"Everything leads us to believe that there exists a state of mind where life and death, the real and the imaginary, the past and future, the communicable and the incommunicable, high and low, no longer seem contradictory"

–Andre Breton, The Surrealist Manifesto, 1924

The Proper Meaning is a group exhibition that brings together artists from different periods of the 20th century all sharing an interest in the surreal. The exhibition will include paintings, sculptures and drawings.

The notion of the surreal is so pervasive in contemporary culture that it is hard to imagine that the surrealist project is less than 80 years old. Although art history locates the period of High Surrealism between 1924, the year when Andre Breton published The Surrealist Manifesto, and 1940, Surrealism is arguably the most influential art movement of the 20th century, inspiring artists, writers, dramatists, and last but not least, contemporary image-making in the both the media and advertising. In the visual arts, Surrealism, although somewhat upstaged by the radical abstractions of the New York School in the 1940s and 50s, has made a quiet, but persistent comeback starting in the 1960s and has, in recent years, been central to the art-making of many of today's most celebrated artists.

Surrealism would not be possible without Sigmund Freud's work in psychoanalysis, in particular his interpretations of dreams. Through his readings of dream imagery, he opened the door for visual artists to exploit the ambiguity of an object, exploring associations and implications, through irrational juxtapositions, rather than the literal meaning of the thing itself. For the exhibition The Proper Meaning, the gallery has assembled a group of works that both examine the inherent ambiguity of everyday objects, and the link between the unconscious and the real forms of the material world.

Rene Magritte, in his 1928 painting L'invention de la vie (The Invention of Life), gives visual form to the notions of life and death. Using two female figures set in a somber landscape, one shrouded in gray fabric as the other eerily stares out at the viewer, Magritte evokes the very fragility of human life. As it has been noted that the female figure resembles the artist’s mother, who committed suicide when Magritte was a boy, this work may conjure Magritte’s own struggles with the death of his mother.

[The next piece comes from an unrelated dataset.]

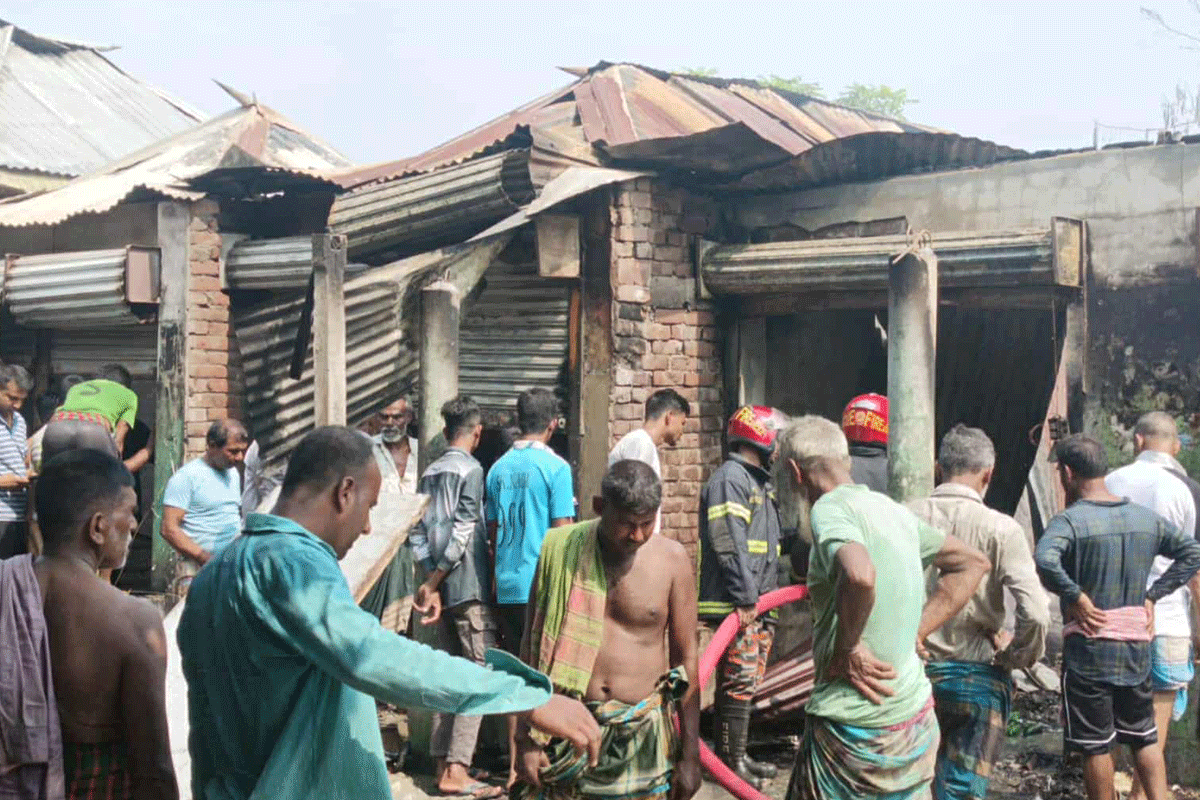কুষ্টিয়ায় আগুনে পুড়লো ১৩ দোকান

In Robert Gober's sculptures Disappearing Sink, 1986 and Two Doors, 1989, the domestic landscape is exposed to reveal the ambiguities of everyday household objects and how one's own memories are projected onto inanimate objects. By positioning objects such as doors and sinks out of context and stripping them of their ordinary functions, Gober challenges their familiarity, allowing them to act as a conduit to deeper psychological reservoirs. In a similar manner, a rare sculpture by Vija Celmins, from 1969-70, entitled Pencil is a six-foot long, artist’s pencil. By shifting the scale, a particularly surrealist technique, the ordinariness of a pencil is subverted, and the meaning of the object bizarrely displaced. The artist's very own tool becomes a vehicle for self-portraiture.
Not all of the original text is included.